** PROBLEM DETAILS **
Copy everything in the records exactly; the pictures stay out.
---------- PROVIDED MATERIAL
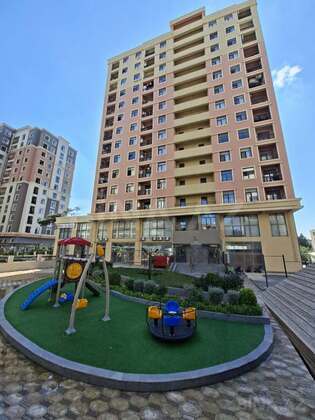 2 otaqlı Yeni tikili, Qara Qarayev m., Bakı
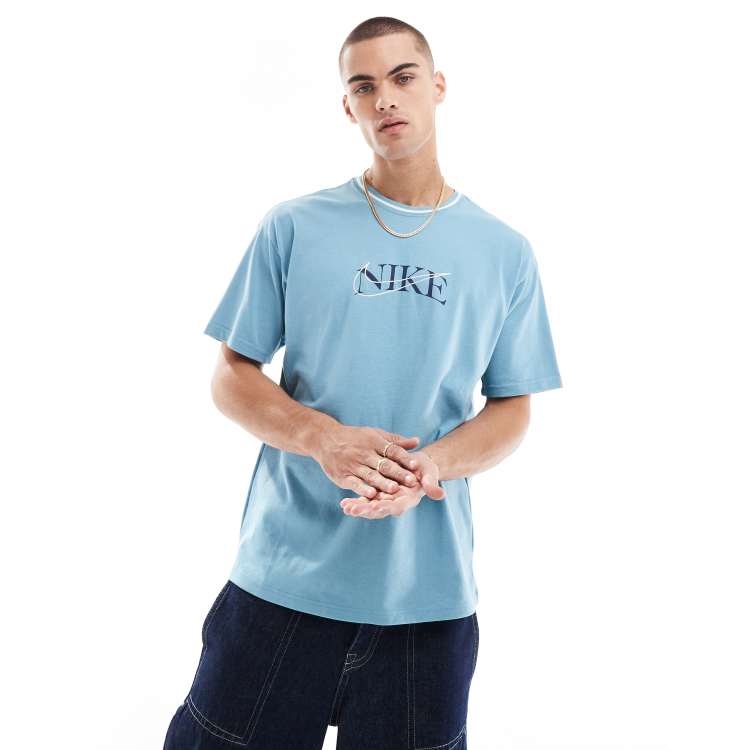 Nike Sportswear Swoosh Airodynamics Men's Short Sleeve T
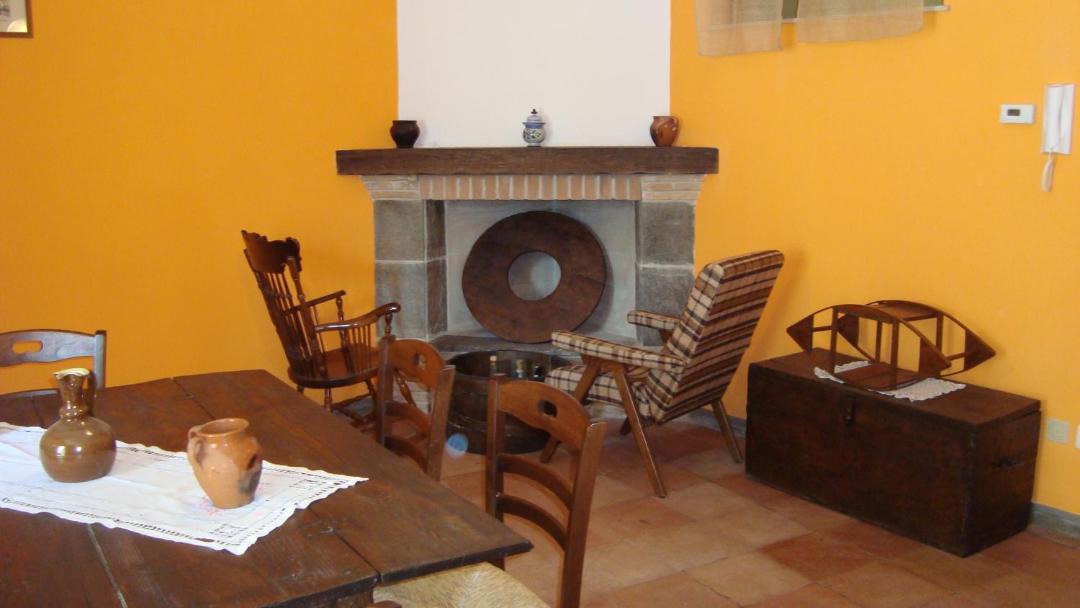Photo of Livingroom in Civitanova del Sannio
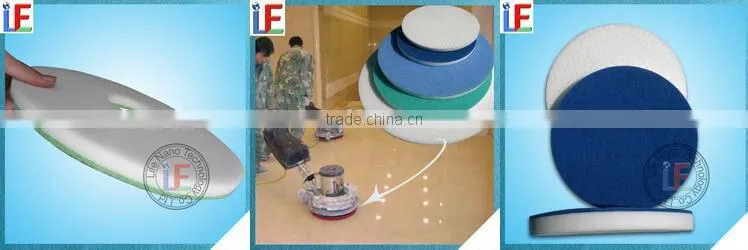 Best selling products almost no to break magic melamine sponge floor scrubber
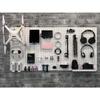 Triton Products DuraBoard 24 in. x 48 in. x 1/4 in. Polypropylene Pegboard (4-Boards) DB-4 view 2
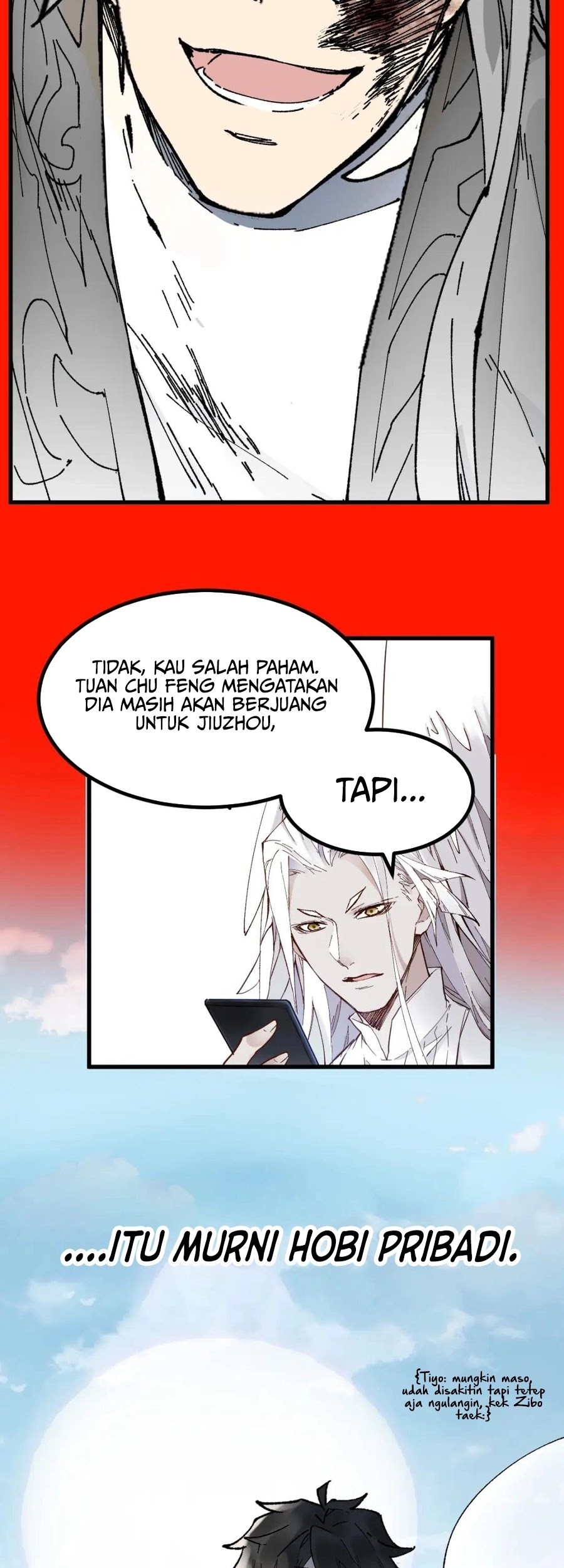 The Sacred Ruins chapter 117 halaman 44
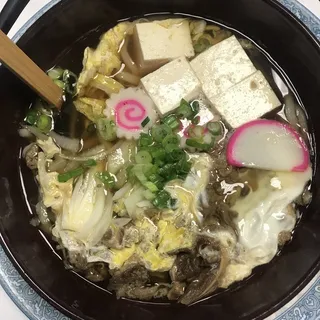 Sukiyaki Udon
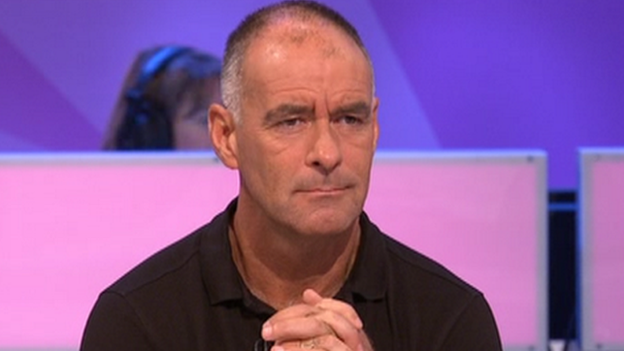 Tommy Sheridan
--------------------
** YOUR RESPONSE **
 2 otaqlı Yeni tikili, Qara Qarayev m., Bakı
 Nike Sportswear Swoosh Airodynamics Men's Short Sleeve T
Photo of Livingroom in Civitanova del Sannio
 Best selling products almost no to break magic melamine sponge floor scrubber
 Triton Products DuraBoard 24 in. x 48 in. x 1/4 in. Polypropylene Pegboard (4-Boards) DB-4 view 2
 The Sacred Ruins chapter 117 halaman 44
 Sukiyaki Udon
 Tommy Sheridan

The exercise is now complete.